Fellow Anguillians. This is the second year that I have had the enormous privilege, as Leader of the Opposition, to to address you at this very special time of year. As I said last year, the Christmas season is a time of hope and renewal, when we pray that there will be better times to come and that we will have peace and good will among men.
While this Christmas is equally a time for hope and renewal, it will have been rendered a unique Christmas for Anguillians by the sad passing of our beloved Father of the Nation, the Honourable James Ronald Webster, to whose devoted wife and family I again extend my heartfelt condolences.
In celebrating his life, however, we can draw hope from his example; the example of a great leader who trusted his own judgment in the face of great dangers but who listened to those around him and learned from them and who, in doing so, commanded the support and unflinching loyalty of so many brave Anguillians.
These, my friends are the characteristics we need in our leaders now. We need leaders with integrity, vision and compassion in a way that awakens and inspires others. We need leaders with self-knowledge who can see how our development goals can coincide with and be transformed by the needs of the people. We need leaders with the ability to collaborate. It is a recognised characteristic of transformational leaders that they regularly enlist the engagement of those they lead. They consult genuinely and not just symbolically with diverse stakeholders and deploy the fruits of those discussions to address complex problems that they cannot solve on their own.

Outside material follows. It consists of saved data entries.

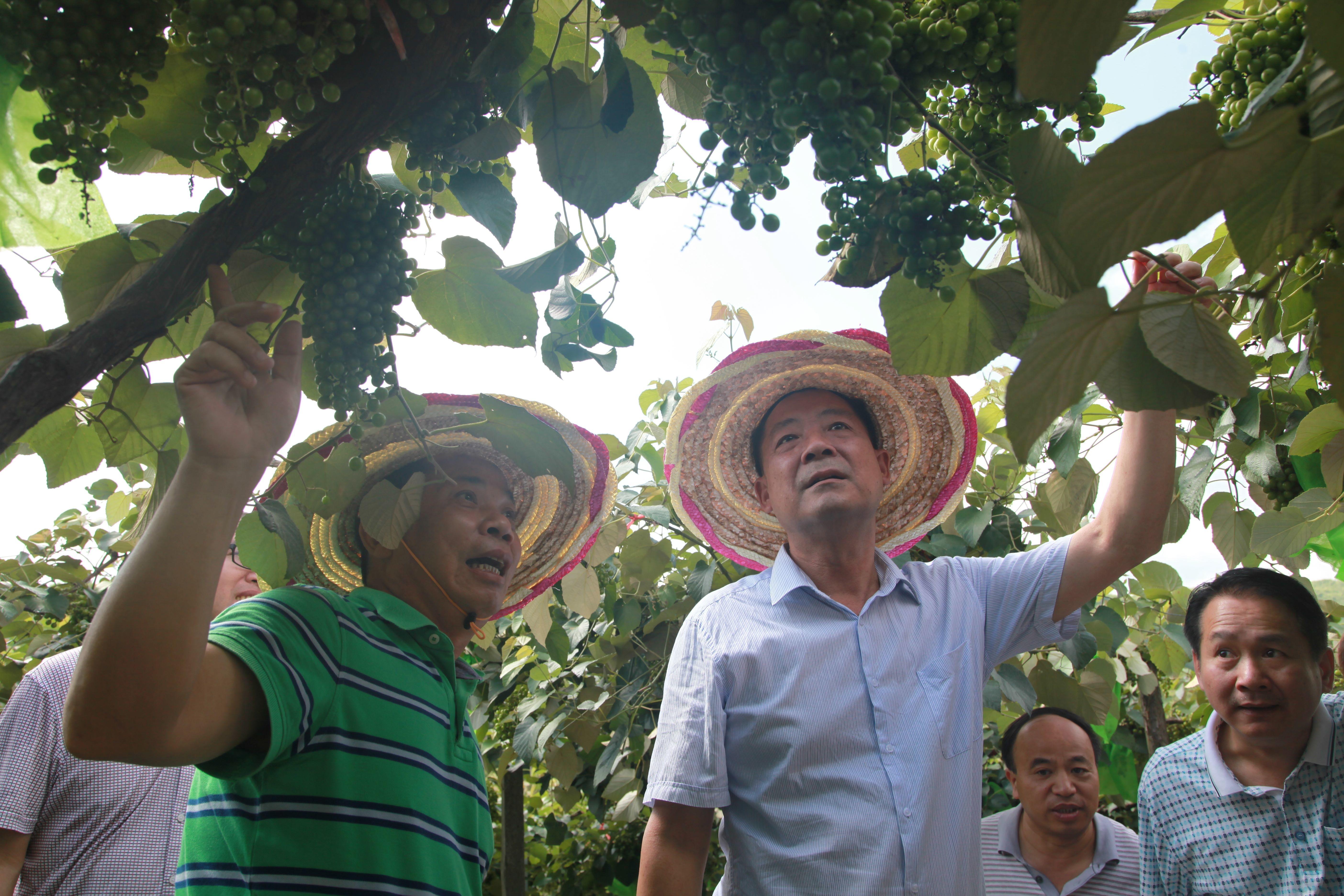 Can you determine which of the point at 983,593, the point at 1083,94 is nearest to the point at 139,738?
the point at 1083,94

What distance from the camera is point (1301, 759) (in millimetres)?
2070

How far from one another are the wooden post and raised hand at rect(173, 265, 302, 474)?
11.6ft

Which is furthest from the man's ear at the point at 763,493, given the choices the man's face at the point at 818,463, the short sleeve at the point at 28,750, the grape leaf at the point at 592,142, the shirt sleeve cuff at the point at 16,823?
the shirt sleeve cuff at the point at 16,823

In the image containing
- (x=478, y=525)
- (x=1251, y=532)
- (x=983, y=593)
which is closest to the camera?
(x=478, y=525)

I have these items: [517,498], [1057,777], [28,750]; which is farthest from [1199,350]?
[1057,777]

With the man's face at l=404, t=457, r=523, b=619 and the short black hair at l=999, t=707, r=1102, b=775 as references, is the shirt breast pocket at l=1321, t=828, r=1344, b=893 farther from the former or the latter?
the man's face at l=404, t=457, r=523, b=619

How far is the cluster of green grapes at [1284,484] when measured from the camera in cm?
179

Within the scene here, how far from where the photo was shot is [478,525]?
1.68 meters

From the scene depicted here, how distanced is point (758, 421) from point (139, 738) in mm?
1666

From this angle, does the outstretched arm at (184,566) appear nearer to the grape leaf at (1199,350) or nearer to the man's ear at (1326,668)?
the grape leaf at (1199,350)

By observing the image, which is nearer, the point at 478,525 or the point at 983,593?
the point at 478,525

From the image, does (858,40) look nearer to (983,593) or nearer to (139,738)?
(139,738)

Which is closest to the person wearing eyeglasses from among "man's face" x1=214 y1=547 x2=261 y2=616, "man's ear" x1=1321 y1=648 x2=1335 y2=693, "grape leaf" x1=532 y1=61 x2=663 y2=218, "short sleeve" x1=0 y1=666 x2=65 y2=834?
"short sleeve" x1=0 y1=666 x2=65 y2=834

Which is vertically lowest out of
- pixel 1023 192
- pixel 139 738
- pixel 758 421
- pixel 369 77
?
pixel 139 738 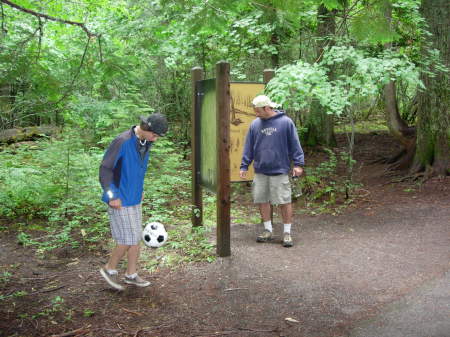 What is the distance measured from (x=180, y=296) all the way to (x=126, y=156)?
164 cm

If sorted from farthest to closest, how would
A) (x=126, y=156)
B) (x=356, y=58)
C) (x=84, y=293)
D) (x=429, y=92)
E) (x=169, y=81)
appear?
(x=169, y=81), (x=429, y=92), (x=356, y=58), (x=84, y=293), (x=126, y=156)

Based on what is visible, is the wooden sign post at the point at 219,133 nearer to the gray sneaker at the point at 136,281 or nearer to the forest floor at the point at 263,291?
the forest floor at the point at 263,291

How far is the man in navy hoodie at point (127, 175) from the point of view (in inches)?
177

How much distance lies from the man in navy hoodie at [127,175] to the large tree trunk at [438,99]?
25.8ft

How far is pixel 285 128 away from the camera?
6316mm

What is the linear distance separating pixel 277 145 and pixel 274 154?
0.45 feet

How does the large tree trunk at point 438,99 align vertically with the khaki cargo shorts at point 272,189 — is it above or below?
above

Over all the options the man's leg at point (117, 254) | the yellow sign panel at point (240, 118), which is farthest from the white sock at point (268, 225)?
the man's leg at point (117, 254)

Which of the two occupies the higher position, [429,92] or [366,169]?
[429,92]

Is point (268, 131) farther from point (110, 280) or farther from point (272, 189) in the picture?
point (110, 280)

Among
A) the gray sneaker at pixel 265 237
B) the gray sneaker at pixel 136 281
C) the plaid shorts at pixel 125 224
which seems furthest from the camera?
the gray sneaker at pixel 265 237

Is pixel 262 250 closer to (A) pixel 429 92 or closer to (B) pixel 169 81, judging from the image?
(A) pixel 429 92

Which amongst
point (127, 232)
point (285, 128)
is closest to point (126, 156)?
point (127, 232)

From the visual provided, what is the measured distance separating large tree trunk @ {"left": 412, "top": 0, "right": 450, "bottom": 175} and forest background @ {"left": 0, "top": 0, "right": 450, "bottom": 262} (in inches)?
0.9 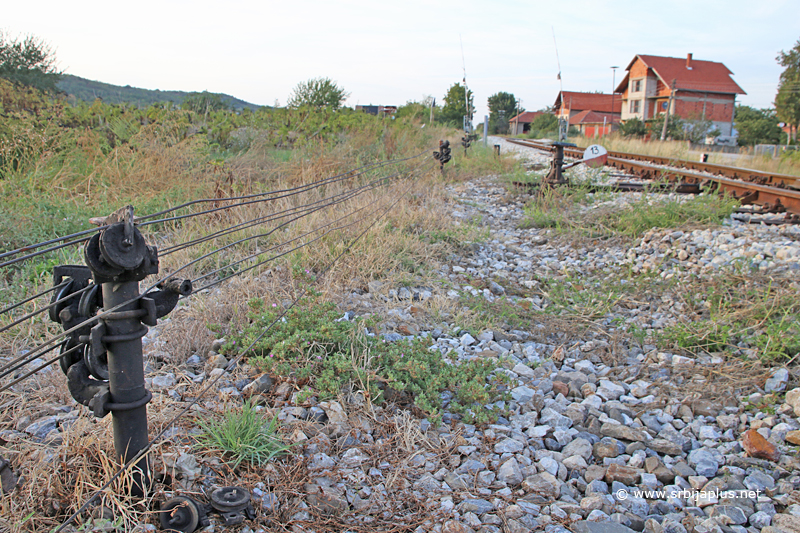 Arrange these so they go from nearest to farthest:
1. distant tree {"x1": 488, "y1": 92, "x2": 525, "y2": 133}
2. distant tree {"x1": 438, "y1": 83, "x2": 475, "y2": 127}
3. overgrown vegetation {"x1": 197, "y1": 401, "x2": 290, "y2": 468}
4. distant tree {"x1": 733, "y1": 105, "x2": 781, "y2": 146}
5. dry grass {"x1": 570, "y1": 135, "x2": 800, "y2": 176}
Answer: overgrown vegetation {"x1": 197, "y1": 401, "x2": 290, "y2": 468} → dry grass {"x1": 570, "y1": 135, "x2": 800, "y2": 176} → distant tree {"x1": 733, "y1": 105, "x2": 781, "y2": 146} → distant tree {"x1": 438, "y1": 83, "x2": 475, "y2": 127} → distant tree {"x1": 488, "y1": 92, "x2": 525, "y2": 133}

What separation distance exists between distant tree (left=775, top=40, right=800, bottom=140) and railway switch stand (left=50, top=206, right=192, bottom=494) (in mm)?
52488

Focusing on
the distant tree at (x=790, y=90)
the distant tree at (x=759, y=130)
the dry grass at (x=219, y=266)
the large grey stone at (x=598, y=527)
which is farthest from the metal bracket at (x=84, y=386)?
the distant tree at (x=790, y=90)

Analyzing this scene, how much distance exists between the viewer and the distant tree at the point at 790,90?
40438 mm

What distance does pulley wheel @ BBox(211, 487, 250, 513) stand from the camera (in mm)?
1687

Transformational leaders develop, empower, and mobilize others, who then provide the collective engine for social, cultural, and systemic change. Transformational leaders are humble. They are constantly learning and listening to others. They are not complacent. They acknowledge that they do not have all the answers and this enables them to be more flexible and to adapt to the needs for change.
Who are these leaders amongst us? They exist, I have no doubt, and I urge you all to have hope that they will come forward. But are we ready to embrace their leadership and empower them rather than continuing to allow ourselves to be bullied? I have faith that we are. And in expressing that faith, I call upon all the movements who are ready to build a New Anguilla to join with me in purposeful efforts to develop a mutually supportive and collaborative movement for change, which can influence our existing government for the rest of its term to 2020 and which can transform our style of government and our country for all time.
The 22nd of April 2017 will mark the end of this government’s second year in office. I advocate that before you succumb to the siren calls of rebellion, you allow the government until that time to demonstrate that they understand what good government “for the people” means. During that period I urge all leaders and potential leaders to look into their hearts and recognise that your country and your people need you, and to come together with all who are like minded to forge a movement that will truly bring forth a New Anguilla.
And while this process of consolidating our leadership talent progresses, let us all remember that the Father of the Nation took great pride, as we should now take great pride, in achieving his objectives without bloodshed. Reject violence, I beseech you, and let the hallmark of the struggle to achieve our national objectives be peace – the “peace of God that passes all understanding”.
To those people who are far too many, who are suffering hardship or fear for their future I counsel hope. There are those of us who hear you and who will do everything within our power to influence the righting of the wrongs and a more compassionate and constructive approach to the creation of jobs and the relief of hardship. We are a resilient people, and we are not only resilient, we are caring. I know that there are many good people out there who will do everything within their power to help those amongst us who are less well off this Christmas.
The true meaning of Christmas is about faith and hope. Anguillians are people of faith, and the passing of our beloved Father of the Nation, who stands as an example to all of us, reminds us vividly that challenges in whatever shape or form have never been able to break our fortitude. Our past has taught us how to meet these challenges together. With our collective will, and with God within our midst, we shall overcome and experience true peace.
So let us look out for each other, let us provide comfort for those that are suffering, and food for those who are less fortunate. Let us commit this Christmas to welcome the stranger, the lonely and those in mourning and offer hope to the most vulnerable among us.
As I said this time last year and as I repeat now “It is my firm belief that there are many enterprising people who will provide the spark that will generate new jobs and new prosperity in Anguilla”. The fact that it has most regrettably not happened yet does not dim my hope, for it is a trite reality that things often have to reach rock bottom before they improve. So to you today I say: have hope but above all let us come together and bring all our talents to the table. Anguilla needs you.
May God Bless you and keep you all this Christmas season and in the New Year ahead, and may God Bless Anguilla always.